**ASSIGNED TASK**
Only the lines from the one bearing "Stone House Bed And Breakfast 7/19" through the end of the listing belong in your response, restated word for word and without pictures.

**RAW DATA**
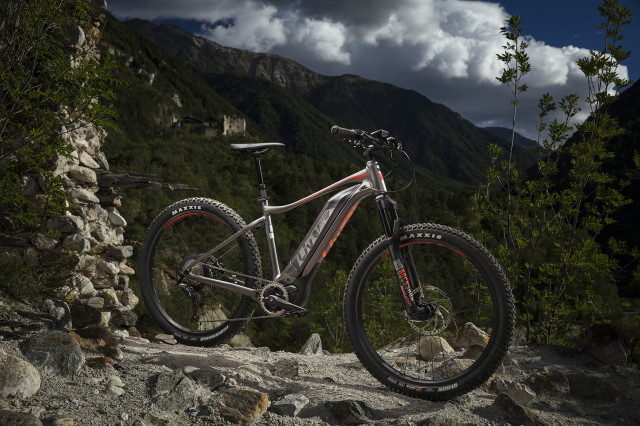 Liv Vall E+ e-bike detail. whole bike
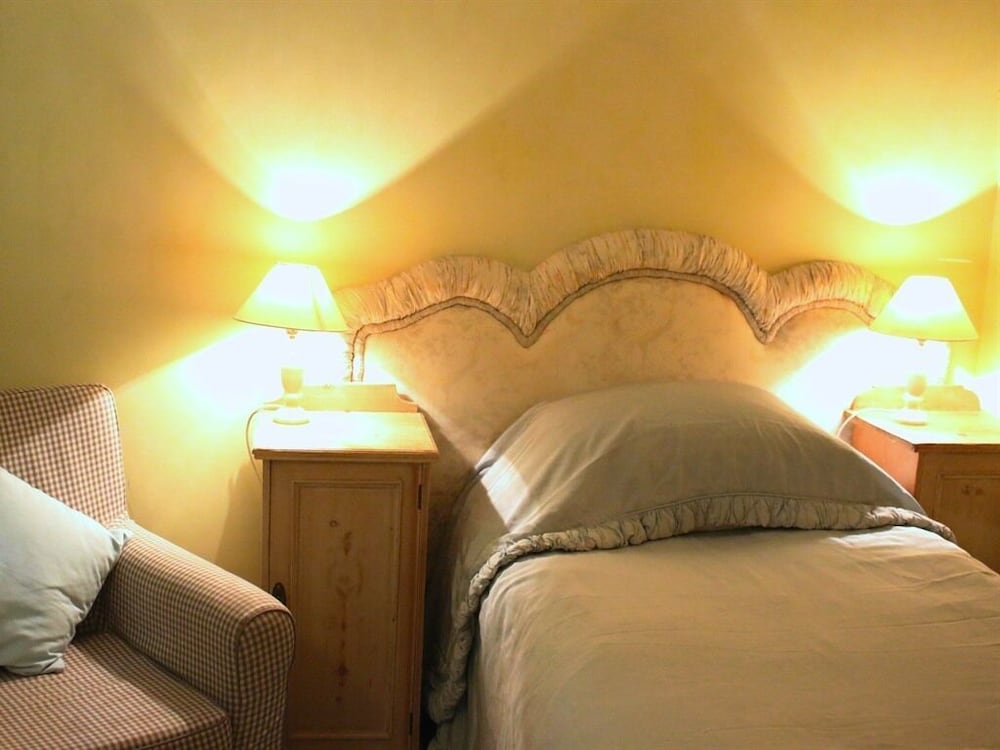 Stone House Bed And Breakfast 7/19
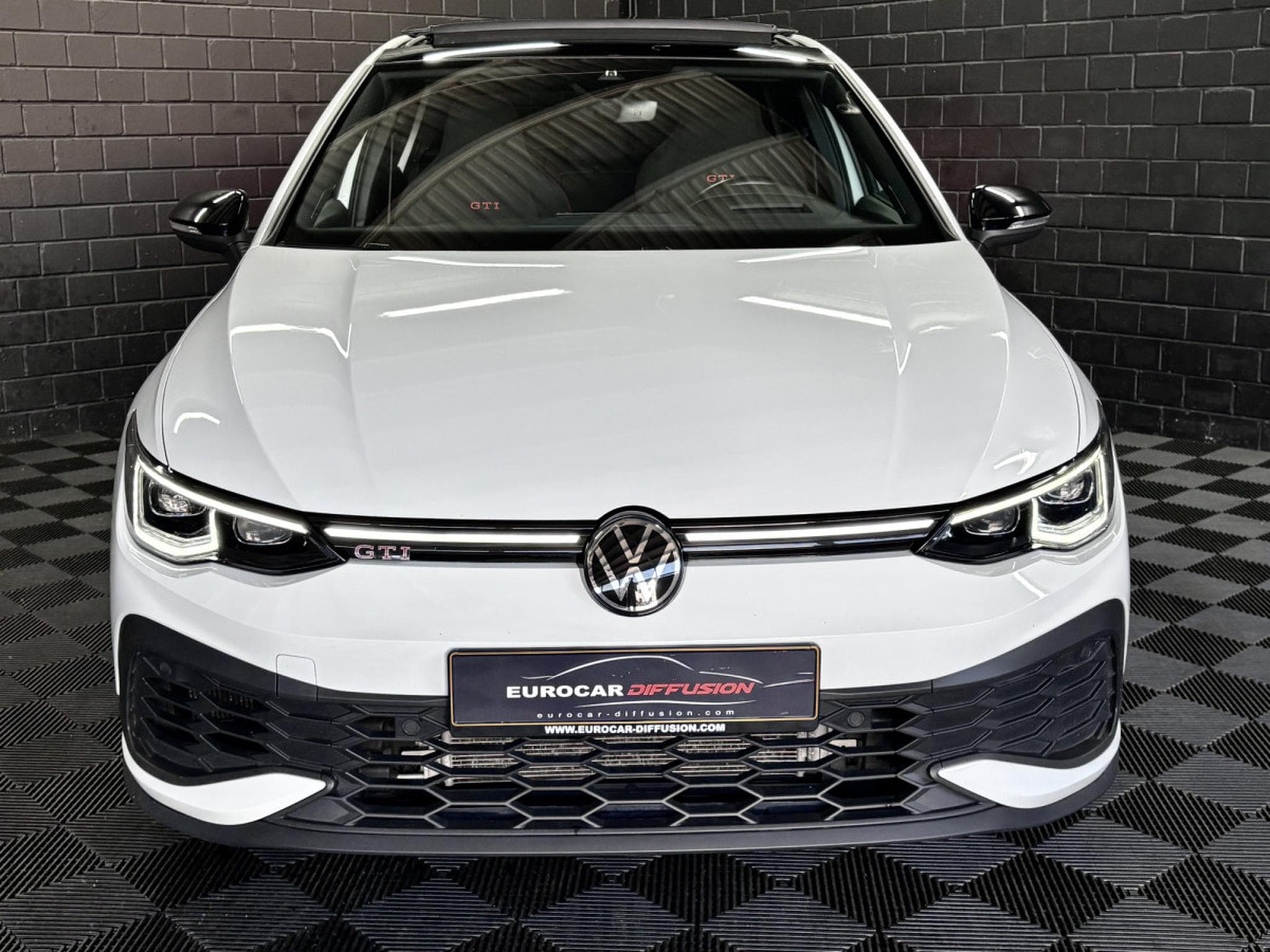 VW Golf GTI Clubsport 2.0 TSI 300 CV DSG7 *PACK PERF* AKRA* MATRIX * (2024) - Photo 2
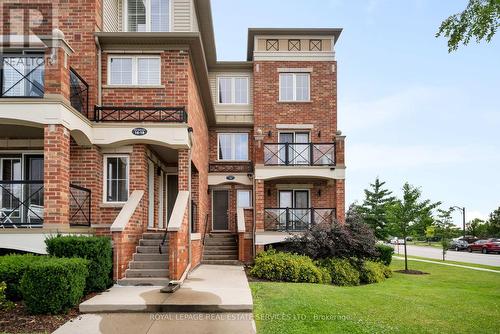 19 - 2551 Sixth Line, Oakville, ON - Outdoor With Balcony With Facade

**EXERCISE ANSWER**
 Stone House Bed And Breakfast 7/19
 VW Golf GTI Clubsport 2.0 TSI 300 CV DSG7 *PACK PERF* AKRA* MATRIX * (2024) - Photo 2
 19 - 2551 Sixth Line, Oakville, ON - Outdoor With Balcony With Facade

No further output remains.